Learning: I’m going to start recording some of the things I’m focusing on learning. Mostly this is stuff that sits in between direct research relevance (which would go under theory) and just for fun (which I might post about anyway)
Anyway this week I’m going to read through some literature on neural architecture search, and finish going through Ideals, Varieties, and Algorithms.
Plan 2021-07-06:
Overall I’m v happy with progress on theory and code
Theory: Have most of the main proof done. Need to send an email to [the scary prof] with a question about his field. Need to write up the last bit of the proof for the noise terms. Need to formalize everything.
Code: I picked up a collaborator (my girlfriend who wants to publish RL papers). She’s way more motivated about writing ML code than I am, which is extremely helpful because motivation is my biggest block by far. Also helpful because it forces me to be more organized since now I have another coder to direct. We’re working through some reimplementations of relevant work. Also she has a 3090* which is extremely useful for experiments.
* for the pure math people a 3090 is more or less the most powerful consumer GPU you can get, and there’s a major shortage of GPUs right now so I haven’t upgraded my own.
I finished the proof and sent the scary email! I still need to show that a particular term is/is bounded by a polynomial, but I’m reasonably confident that’s true and should be easy.
I’m somewhat blocked on the response from the scary prof now, so I’m just going to be doing code for a while.
Plan 2021-07-06:
Overall I’m v happy with progress on theory and code
Theory: Have most of the main proof done. Need to send an email to [the scary prof] with a question about his field. Need to write up the last bit of the proof for the noise terms. Need to formalize everything.

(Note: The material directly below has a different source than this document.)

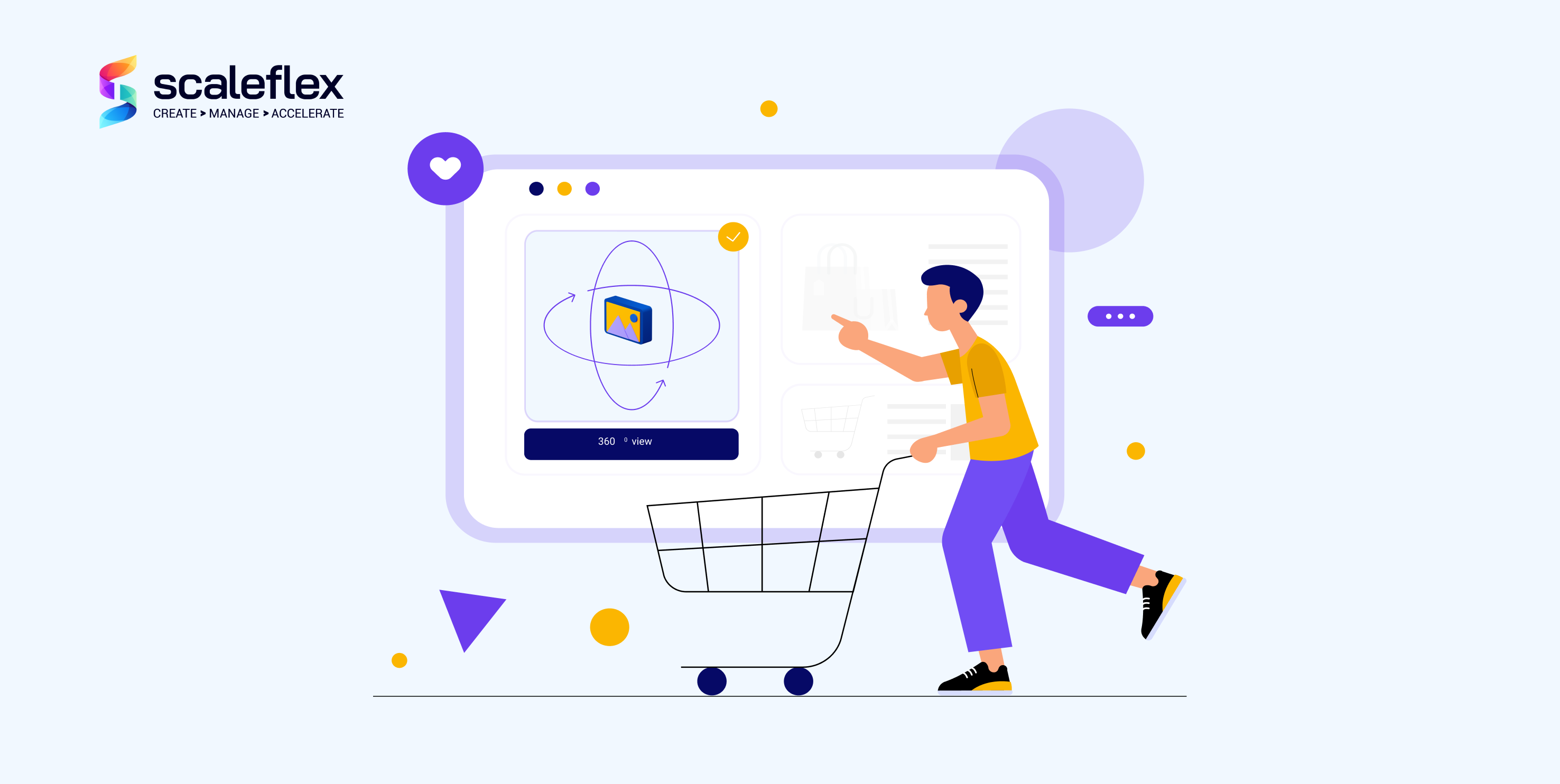 Vue du produit à 360 degrés : Pourquoi la rotation des images peut booster vos ventes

Code: I picked up a collaborator (my girlfriend who wants to publish RL papers). She’s way more motivated about writing ML code than I am, which is extremely helpful because motivation is my biggest block by far. Also helpful because it forces me to be more organized since now I have another coder to direct. We’re working through some reimplementations of relevant work. Also she has a 3090* which is extremely useful for experiments.
* for the pure math people a 3090 is more or less the most powerful consumer GPU you can get, and there’s a major shortage of GPUs right now so I haven’t upgraded my own.

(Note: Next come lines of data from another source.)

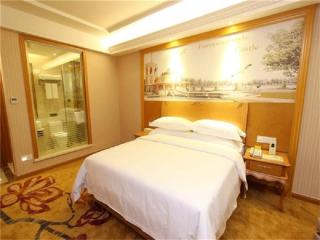 Vienna Classic Hotel Shenzhen Bantian Wuhe Avenue - Shenzhen - 5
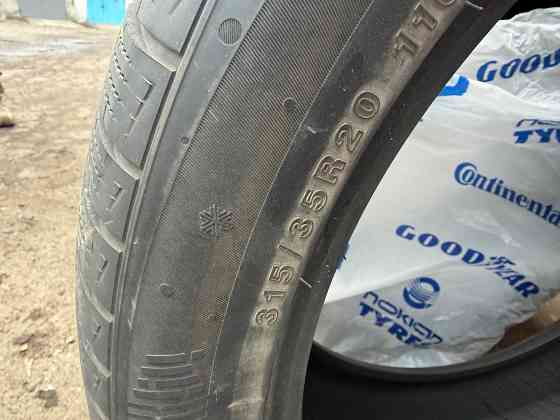 Зима 275/40 R20-315/35 R20 Донецк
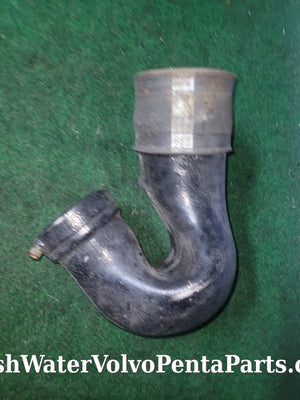 Volvo Penta turbo pipe 860401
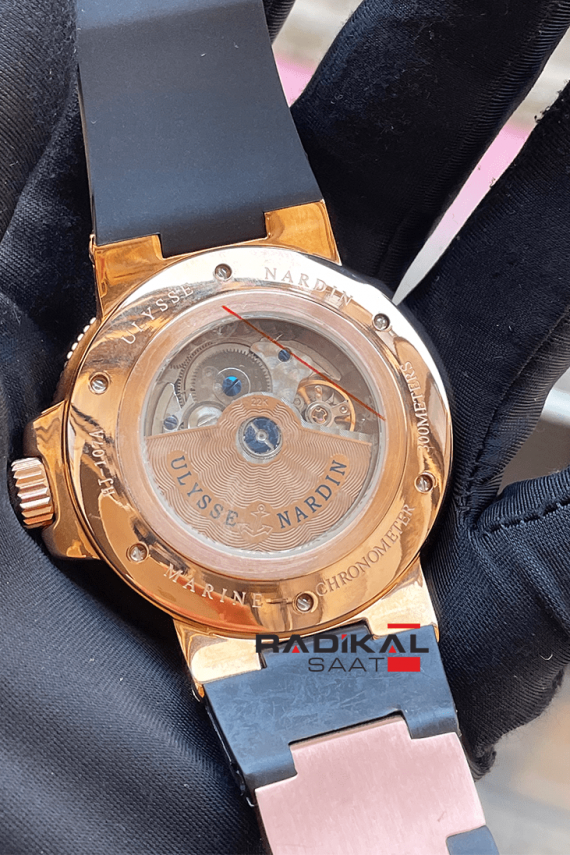 Ulysse Nardin Lelocle Suısse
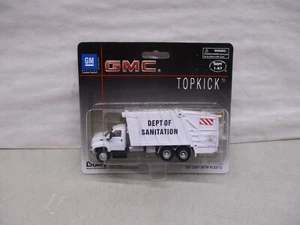 Boley GMC Dept. of Sanitation Garbage Truck 1/87 - Picture 1 of 2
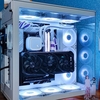 今話題のNZXT H9でPCを自作しました。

Speaking of algebra, this is maybe quite nice for pedagogy: https://nathancarter.github.io/group-explorer/index.html
(It’s a website explaining many of the common finite groups, defining and visualizing them in various ways)
i miss algebra
Plan (2021-05-18):
Theory: Need to prove bounds on the error terms
Applied: still feeling very averse to writing code, but it got a little better this week.
Slutsky’s Theorem
This is a nice theorem I learned recently and I’m surprised I never learned it before.
If $X_n$ is a sequence of random variables converging in distribution to $X$, and $Y_n$ is a sequence of random variables converging in probability to a constant $c$, then:
$X_n + Y_n$ converges in distribution to $X + c$
$X_n Y_n$ converges in distribution $cX$
$X_n / Y_n$ converges in distribution to $X / c$
Yeah.
Like, you know the sample mean has a normal distribution for large samples, by the central limit theorem.

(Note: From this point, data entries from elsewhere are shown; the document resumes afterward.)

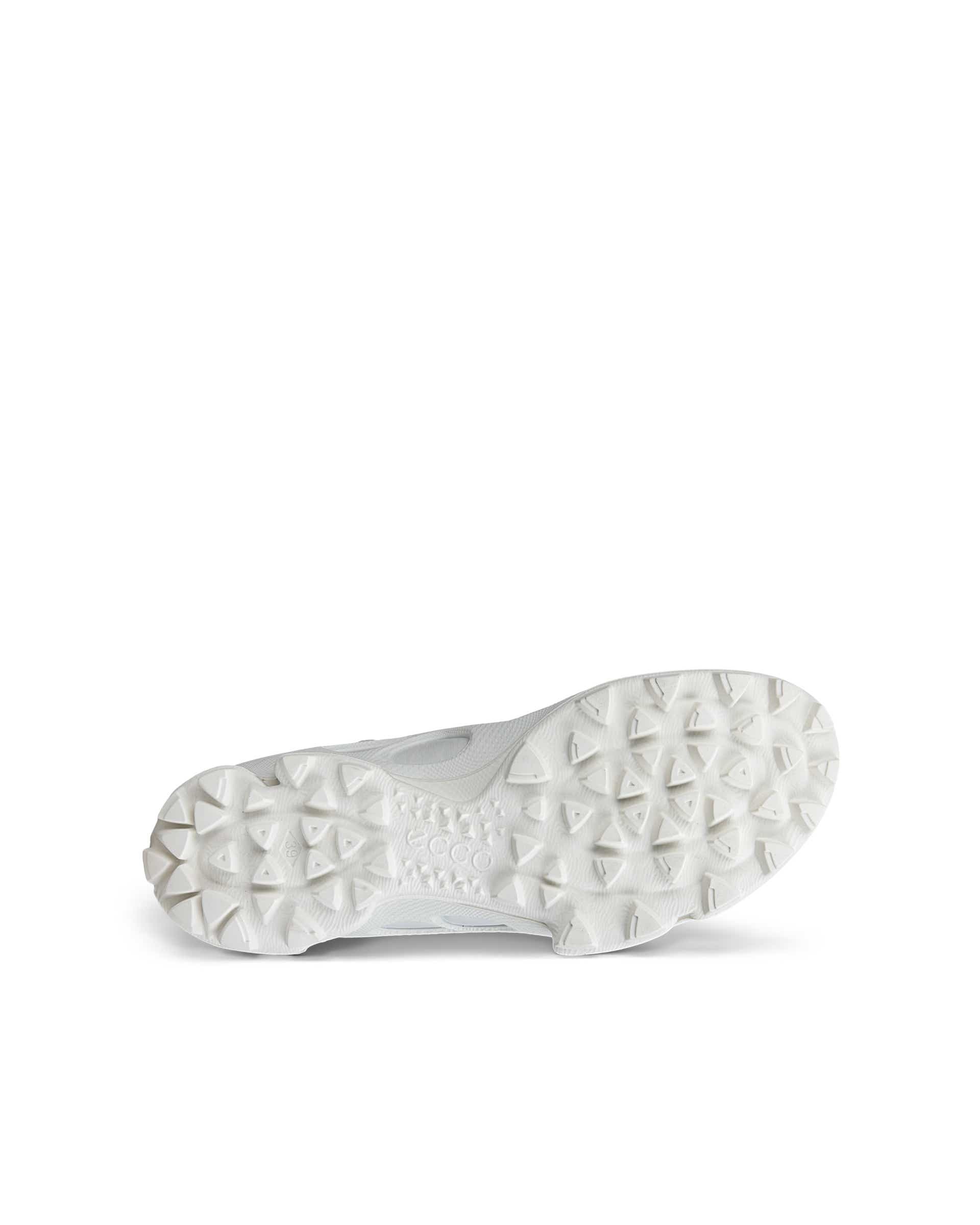 ECCO® Biom C-Trail baskets en cuir Gore-Tex pour femme - Blanc - Sole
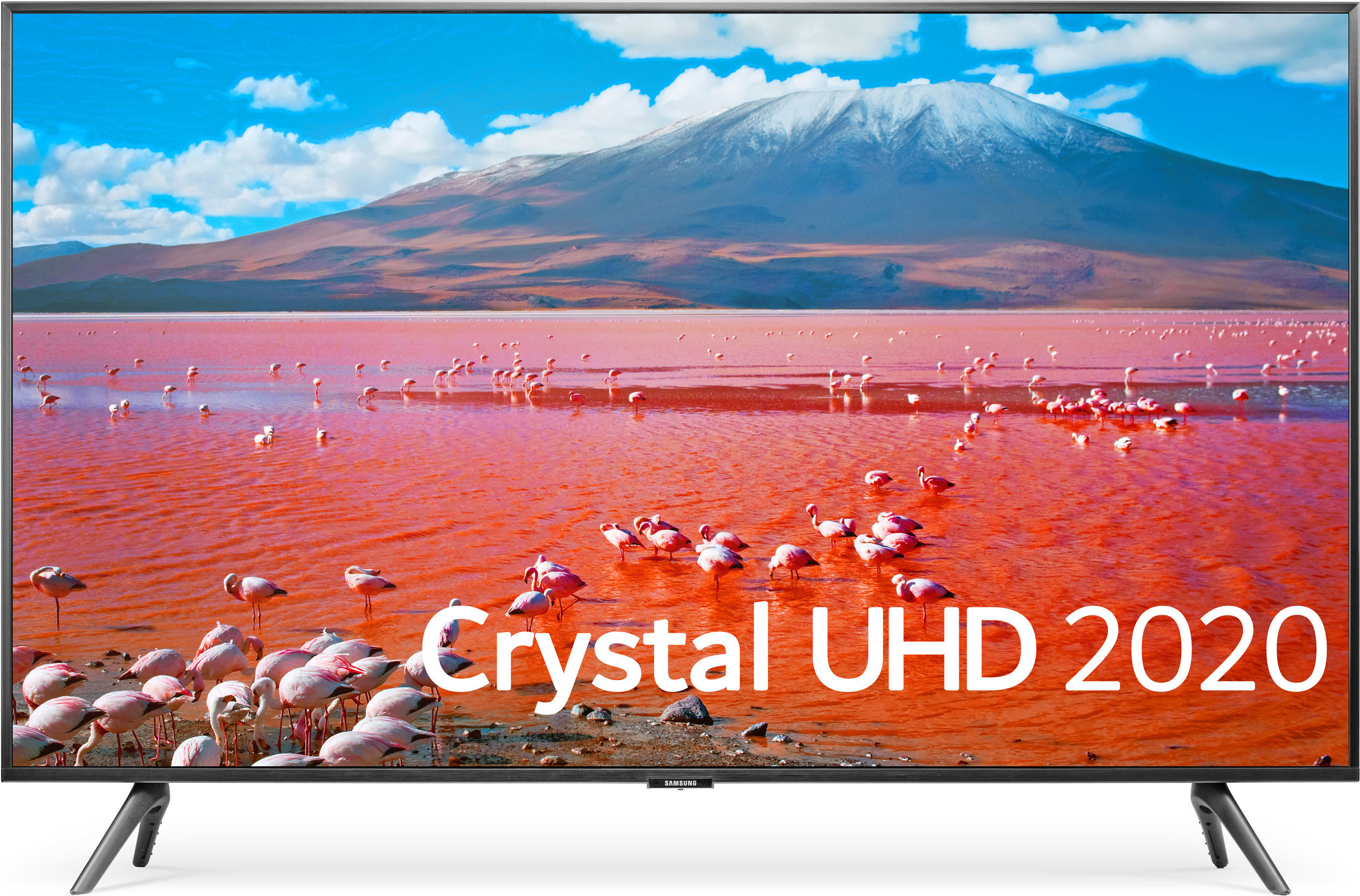 Samsung UE55TU7072 55" 4K Ultra HD LED-televisio – 4K Ultra HD – 55 - 60" – Televisiot – TV ja video – Verkkokauppa.com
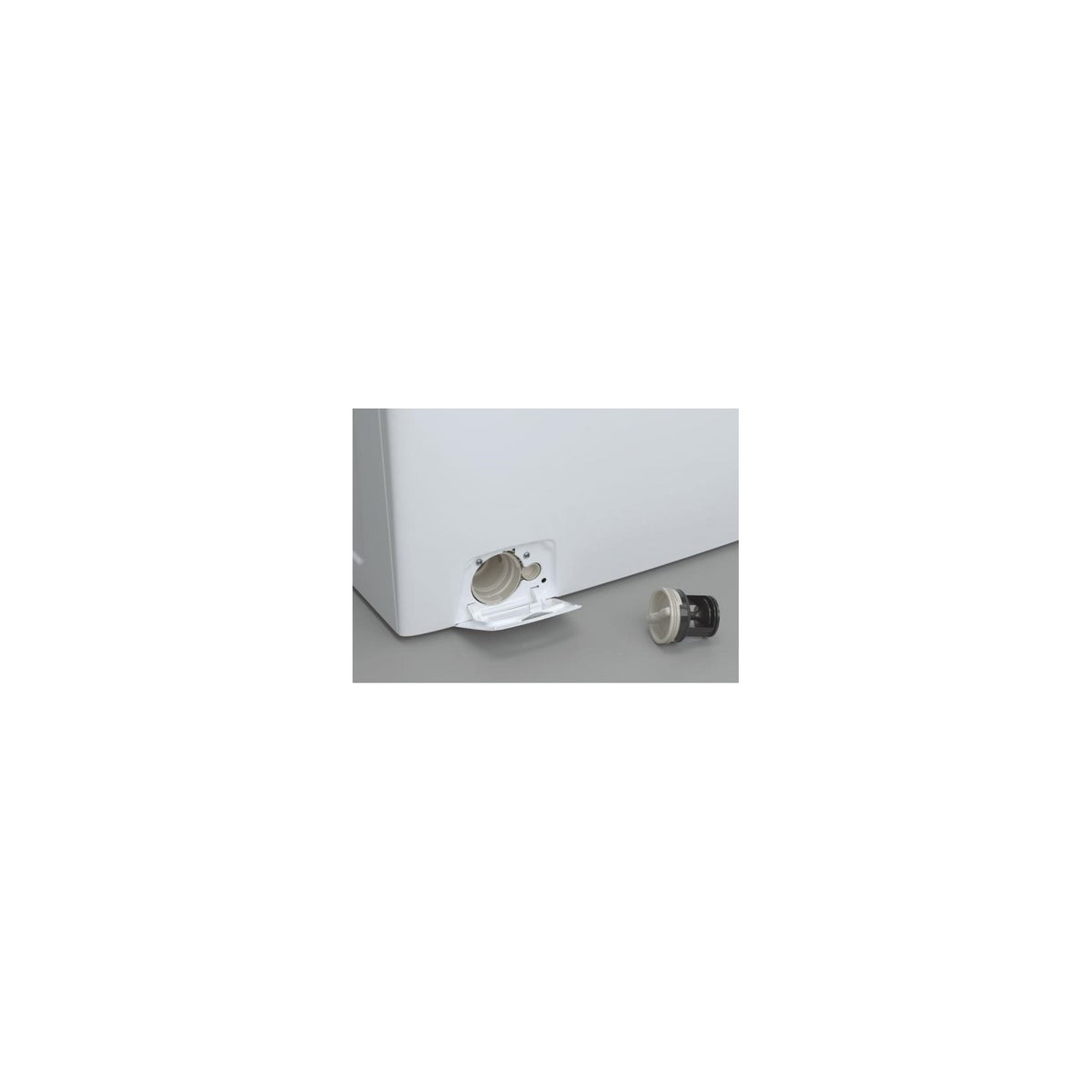 CANDY CS 1272 DE/1-11 LAVATRICE SLIM 45CM 7KG 1200 GIRI CLASSE D - CS1272DE/1-11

but what about the t statistic: sample mean over estimated standard error?
By the third condition above, that also appraoches a normal distribution. Thus the t test and z test will give the same answers for large samples
z statistic:
M / (σ/√n)
where M is the sample mean. Approaches standard normal distribution, by central limit theorem.
t statistic:
M / (S/√n)
where S is the sample standard deviation. S approaches σ, so by Slutsky’s theorem, this approaches the same distribution as the z statistic.